From the first line to the last, print the records exactly.

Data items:
- - - - -

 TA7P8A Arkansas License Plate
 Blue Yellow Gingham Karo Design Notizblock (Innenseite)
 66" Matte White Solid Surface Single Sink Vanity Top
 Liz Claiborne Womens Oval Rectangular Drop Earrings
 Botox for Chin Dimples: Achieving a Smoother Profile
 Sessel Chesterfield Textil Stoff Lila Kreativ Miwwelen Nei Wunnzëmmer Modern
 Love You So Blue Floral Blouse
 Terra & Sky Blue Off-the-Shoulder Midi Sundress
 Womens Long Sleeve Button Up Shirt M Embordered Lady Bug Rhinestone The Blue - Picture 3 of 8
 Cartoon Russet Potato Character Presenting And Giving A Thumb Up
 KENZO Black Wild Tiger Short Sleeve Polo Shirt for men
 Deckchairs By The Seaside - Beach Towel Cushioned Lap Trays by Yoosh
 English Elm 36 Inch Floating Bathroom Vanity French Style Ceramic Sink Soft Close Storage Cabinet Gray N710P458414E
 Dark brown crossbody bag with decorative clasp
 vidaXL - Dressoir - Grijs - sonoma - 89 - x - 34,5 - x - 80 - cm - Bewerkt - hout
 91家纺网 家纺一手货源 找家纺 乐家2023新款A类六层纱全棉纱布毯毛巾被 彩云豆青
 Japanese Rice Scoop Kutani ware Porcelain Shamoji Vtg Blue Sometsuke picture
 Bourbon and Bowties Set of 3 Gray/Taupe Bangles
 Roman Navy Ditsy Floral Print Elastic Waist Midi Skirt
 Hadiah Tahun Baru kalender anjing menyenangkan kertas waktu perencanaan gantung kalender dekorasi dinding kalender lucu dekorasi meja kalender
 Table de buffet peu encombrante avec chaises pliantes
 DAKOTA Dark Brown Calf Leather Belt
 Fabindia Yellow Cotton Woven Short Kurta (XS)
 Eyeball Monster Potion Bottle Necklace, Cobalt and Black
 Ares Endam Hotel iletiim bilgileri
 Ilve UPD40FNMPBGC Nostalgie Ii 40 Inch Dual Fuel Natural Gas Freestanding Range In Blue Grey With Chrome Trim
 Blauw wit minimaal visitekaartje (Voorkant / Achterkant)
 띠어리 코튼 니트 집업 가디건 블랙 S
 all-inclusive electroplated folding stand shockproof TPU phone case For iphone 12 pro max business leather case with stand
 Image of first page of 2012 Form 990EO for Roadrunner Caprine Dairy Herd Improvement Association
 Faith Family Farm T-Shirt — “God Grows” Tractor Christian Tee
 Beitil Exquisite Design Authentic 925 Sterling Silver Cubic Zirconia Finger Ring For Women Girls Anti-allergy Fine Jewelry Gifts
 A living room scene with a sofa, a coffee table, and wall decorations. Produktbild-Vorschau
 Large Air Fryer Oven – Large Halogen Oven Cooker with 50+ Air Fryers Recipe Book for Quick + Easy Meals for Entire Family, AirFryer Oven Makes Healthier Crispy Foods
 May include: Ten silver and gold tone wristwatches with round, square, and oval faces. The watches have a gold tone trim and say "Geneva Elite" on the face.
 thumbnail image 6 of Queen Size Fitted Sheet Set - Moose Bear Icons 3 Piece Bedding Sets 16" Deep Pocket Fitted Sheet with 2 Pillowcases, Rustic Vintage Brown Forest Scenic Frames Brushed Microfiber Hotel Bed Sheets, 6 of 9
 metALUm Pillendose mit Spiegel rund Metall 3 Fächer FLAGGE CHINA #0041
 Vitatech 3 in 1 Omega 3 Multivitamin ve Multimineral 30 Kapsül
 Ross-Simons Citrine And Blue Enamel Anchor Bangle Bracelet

- - - - -

Task answer:
 TA7P8A Arkansas License Plate
 Blue Yellow Gingham Karo Design Notizblock (Innenseite)
 66" Matte White Solid Surface Single Sink Vanity Top
 Liz Claiborne Womens Oval Rectangular Drop Earrings
 Botox for Chin Dimples: Achieving a Smoother Profile
 Sessel Chesterfield Textil Stoff Lila Kreativ Miwwelen Nei Wunnzëmmer Modern
 Love You So Blue Floral Blouse
 Terra & Sky Blue Off-the-Shoulder Midi Sundress
 Womens Long Sleeve Button Up Shirt M Embordered Lady Bug Rhinestone The Blue - Picture 3 of 8
 Cartoon Russet Potato Character Presenting And Giving A Thumb Up
 KENZO Black Wild Tiger Short Sleeve Polo Shirt for men
 Deckchairs By The Seaside - Beach Towel Cushioned Lap Trays by Yoosh
 English Elm 36 Inch Floating Bathroom Vanity French Style Ceramic Sink Soft Close Storage Cabinet Gray N710P458414E
 Dark brown crossbody bag with decorative clasp
 vidaXL - Dressoir - Grijs - sonoma - 89 - x - 34,5 - x - 80 - cm - Bewerkt - hout
 91家纺网 家纺一手货源 找家纺 乐家2023新款A类六层纱全棉纱布毯毛巾被 彩云豆青
 Japanese Rice Scoop Kutani ware Porcelain Shamoji Vtg Blue Sometsuke picture
 Bourbon and Bowties Set of 3 Gray/Taupe Bangles
 Roman Navy Ditsy Floral Print Elastic Waist Midi Skirt
 Hadiah Tahun Baru kalender anjing menyenangkan kertas waktu perencanaan gantung kalender dekorasi dinding kalender lucu dekorasi meja kalender
 Table de buffet peu encombrante avec chaises pliantes
 DAKOTA Dark Brown Calf Leather Belt
 Fabindia Yellow Cotton Woven Short Kurta (XS)
 Eyeball Monster Potion Bottle Necklace, Cobalt and Black
 Ares Endam Hotel iletiim bilgileri
 Ilve UPD40FNMPBGC Nostalgie Ii 40 Inch Dual Fuel Natural Gas Freestanding Range In Blue Grey With Chrome Trim
 Blauw wit minimaal visitekaartje (Voorkant / Achterkant)
 띠어리 코튼 니트 집업 가디건 블랙 S
 all-inclusive electroplated folding stand shockproof TPU phone case For iphone 12 pro max business leather case with stand
 Image of first page of 2012 Form 990EO for Roadrunner Caprine Dairy Herd Improvement Association
 Faith Family Farm T-Shirt — “God Grows” Tractor Christian Tee
 Beitil Exquisite Design Authentic 925 Sterling Silver Cubic Zirconia Finger Ring For Women Girls Anti-allergy Fine Jewelry Gifts
 A living room scene with a sofa, a coffee table, and wall decorations. Produktbild-Vorschau
 Large Air Fryer Oven – Large Halogen Oven Cooker with 50+ Air Fryers Recipe Book for Quick + Easy Meals for Entire Family, AirFryer Oven Makes Healthier Crispy Foods
 May include: Ten silver and gold tone wristwatches with round, square, and oval faces. The watches have a gold tone trim and say "Geneva Elite" on the face.
 thumbnail image 6 of Queen Size Fitted Sheet Set - Moose Bear Icons 3 Piece Bedding Sets 16" Deep Pocket Fitted Sheet with 2 Pillowcases, Rustic Vintage Brown Forest Scenic Frames Brushed Microfiber Hotel Bed Sheets, 6 of 9
 metALUm Pillendose mit Spiegel rund Metall 3 Fächer FLAGGE CHINA #0041
 Vitatech 3 in 1 Omega 3 Multivitamin ve Multimineral 30 Kapsül
 Ross-Simons Citrine And Blue Enamel Anchor Bangle Bracelet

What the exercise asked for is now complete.